Re: [RFC PATCH] blk-mq: implement queue quiesce via percpu_ref for BLK_MQ_F_BLOCKING

Ming Lei <ming.lei@xxxxxxxxxx> · Fri, 31 Jul 2020 08:28:38 +0800

On Thu, Jul 30, 2020 at 09:10:48AM -0700, Sagi Grimberg wrote:
> 
> > > > > > > In case of BLK_MQ_F_BLOCKING, blk-mq uses SRCU to mark read critical
> > > > > > > section during dispatching request, then request queue quiesce is based on
> > > > > > > SRCU. What we want to get is low cost added in fast path.
> > > > > > > 
> > > > > > > However, from srcu_read_lock/srcu_read_unlock implementation, not see
> > > > > > > it is quicker than percpu refcount, so use percpu_ref to implement
> > > > > > > queue quiesce. This usage is cleaner and simpler & enough for implementing
> > > > > > > queue quiesce. The main requirement is to make sure all read sections to observe
> > > > > > > QUEUE_FLAG_QUIESCED once blk_mq_quiesce_queue() returns.
> > > > > > > 
> > > > > > > Also it becomes much easier to add interface of async queue quiesce.
> > > > > > 
> > > > > > BTW, no obvious IOPS difference is observed with this patch applied when running
> > > > > > io on null_blk(blocking, submit_queues=32) in one dual-socket, 32cores system.
> > > > > 
> > > > > Thanks Ming, can you test for non-blocking on the same setup?
> > > > 
> > > > OK, I can do that, but this patch supposes to not affect non-blocking,
> > > > care to share your motivation for testing non-blocking?
> > > 
> > > I think it will be a significant improvement to have a single code path.
> > > The code will be more robust and we won't need to face issues that are
> > > specific for blocking.
> > > 
> > > If the cost is negligible, I think the upside is worth it.
> > > 
> > 
> > rcu_read_lock and rcu_read_unlock has been proved as efficient enough,
> > and I don't think percpu_refcount is better than it, so I'd suggest to
> > not switch non-blocking into this way.
> 
> It's not a matter of which is better, its a matter of making the code
> more robust because it has a single code-path. If moving to percpu_ref
> is negligible, I would suggest to move both, I don't want to have two
> completely different mechanism for blocking vs. non-blocking.

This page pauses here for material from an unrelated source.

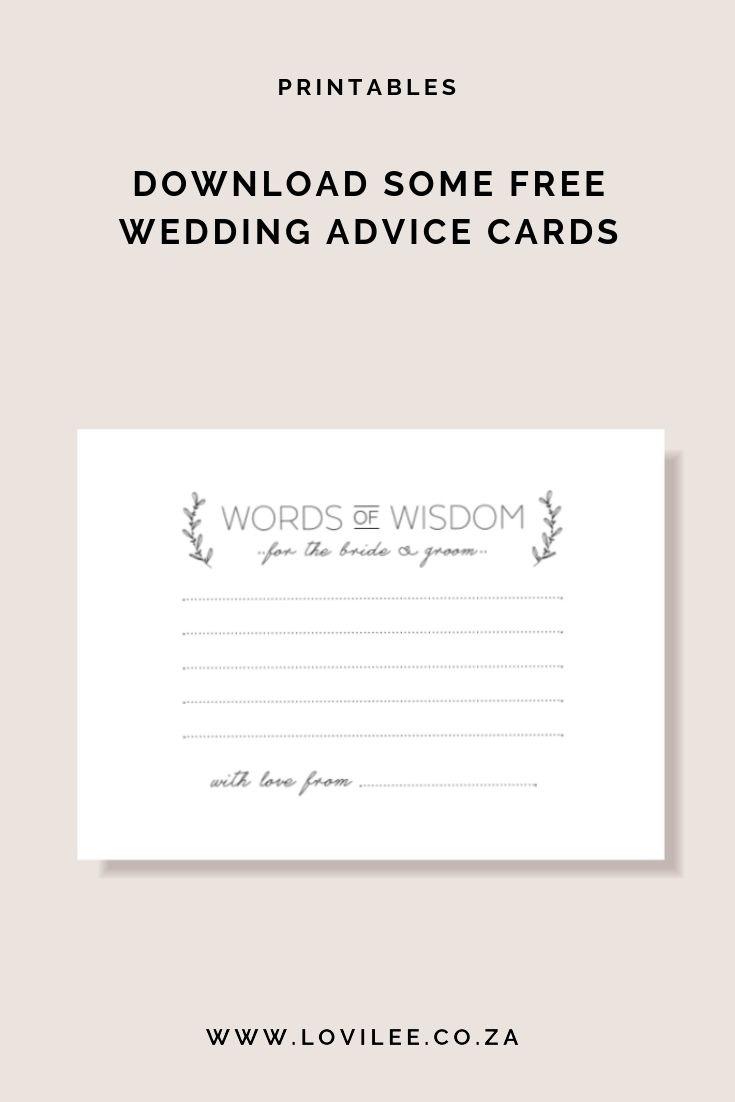 Download Your Free Wedding Advice Cards Printable | Free Printables - Free Printable Bridal Shower Advice Cards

RCU and SRCU have been different mechanism already.

> 
> > BTW, in case of blocking, one hctx may dispatch at most one request because there
> > is only single .run_work, even though when .queue_rq() is slept, that said
> > blk_mq_submit_bio() queues bio in sync style. This way won't be very efficient.
> > So percpu_refcount should be good enough for blocking code path, but may not be
> > well enough for non-blocking case.
> 
> Not sure what you mean, the percpu_ref is taken exactly where rcu is
> taken, not sure what is the difference.

My point is that blocking can't be efficient enough, when .queue_rq() is
slept, no any request can be queued to this hctx any more.

thanks,
Ming